Olfactometry and Odor Characterization

Sampling Strategy and Methods

Weekly samples are collected from the surface of each of the composting test units during the first month following construction.  By capturing odorous air directly from the surface of the composting test units, this eliminates uncertainty regarding which cover materials are responsible for which odors. 

In addition to collecting samples from the surface of the composting test units, samples also are collected from stockpiles of cover material (silage, straw, cornstalks).  This sampling strategy facilitates identification and comparison of odors attributable solely to the cover material, and those caused by decay processes within the composting piles.

 

Samples are collected from the sides of  each test unit using an equilibrium chamber (shown below), a device that captures gases emitted from the pile surface and minimizing sample dilution caused by natural air movement over the piles. 

GGases that accumulate inside the equilibrium chamber are pulled through tubing into an odor-free Tedlar sample bag located inside an air-tight collection box (shown below).  A small battery-powered pump (setting on top of collection box) creates a vacuum inside the collection box which causes gases in the equilibrium chamber to flow into the Tedlar bag.

When the bag is filled (shown below), gas valves on the bag are closed, and the bags are transported to the olfactometry laboratory for odor intensity measurement and odor characterization.

Odor Threshold Determination (odor intensity)

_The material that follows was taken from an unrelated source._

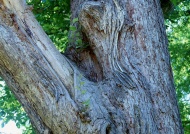 树木树皮图片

Olfactometry is a scientific method of odor quantification using a panel of trained odor evaluators.  In the olfactometry laboratory, trained odor panelists sniff samples that have been drawn from the Tedlar bags and diluted with an odorless gas.  Panelists begin with samples that have been so highly diluted with odorless air that no odor is perceived.  Dilution levels are then gradually reduced until the odors become barely perceptible to the panelists.  This dilution level (ratio of the volume of odorless air to volume of sample) is known as the "odor threshold".  The more intense an odor is, the greater the amount of dilution at which odor is just barely perceptible.

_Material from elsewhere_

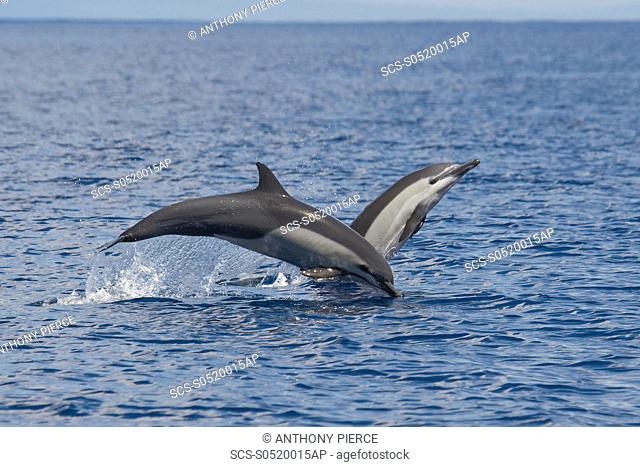 A pair of Short-beaked Common Dolphin, Delphinus delphis, porpoising, Costa Rica, Pacific Ocean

Odor Characterization (odor offensiveness)

Simply because an odor is present, does not necessarily mean that it is offensive.  The pungent odor of silage, for example, is often the predominant odor near composting test units that are constructed with silage, but it is not considered to be an offensive odor by many, particularly those familiar with agriculture..  

To evaluate the type as well as the intensity of odors released from emergency cattle composting operations, an untrained group of panelists is asked to sniff and describe samples that have been diluted to just above the threshold level. Participants in the "odor characterization" sessions are given a standard list of odor descriptors and asked to select and report those that apply to each sample. 

Chemical Analysis

In addition to odor threshold  and characterization testing, samples also are subjected to chemical analysis to determine concentrations of two common odor-causing substances, hydrogen sulfide and ammonia. 

In Brief

- Downwind field scentometry observations were unsuccessful in detecting odor, identifying which test units are the odor source, and in distinguishing between odors caused released by cover materials and those caused by the composting process.

- Field scentometry has been replaced with weekly odor sampling, at the surface of each composting test unit (AND at the surface of cover material stockpiles), during the initial month following construction.

- Analysis of odor samples in the olfactometry lab permit quantification and comparison of  odors emitted by composting units, and odors from the cover materials alone.

- Samples also are evaluated for odor offensiveness, and for ammonia and hydrogen sulfide content.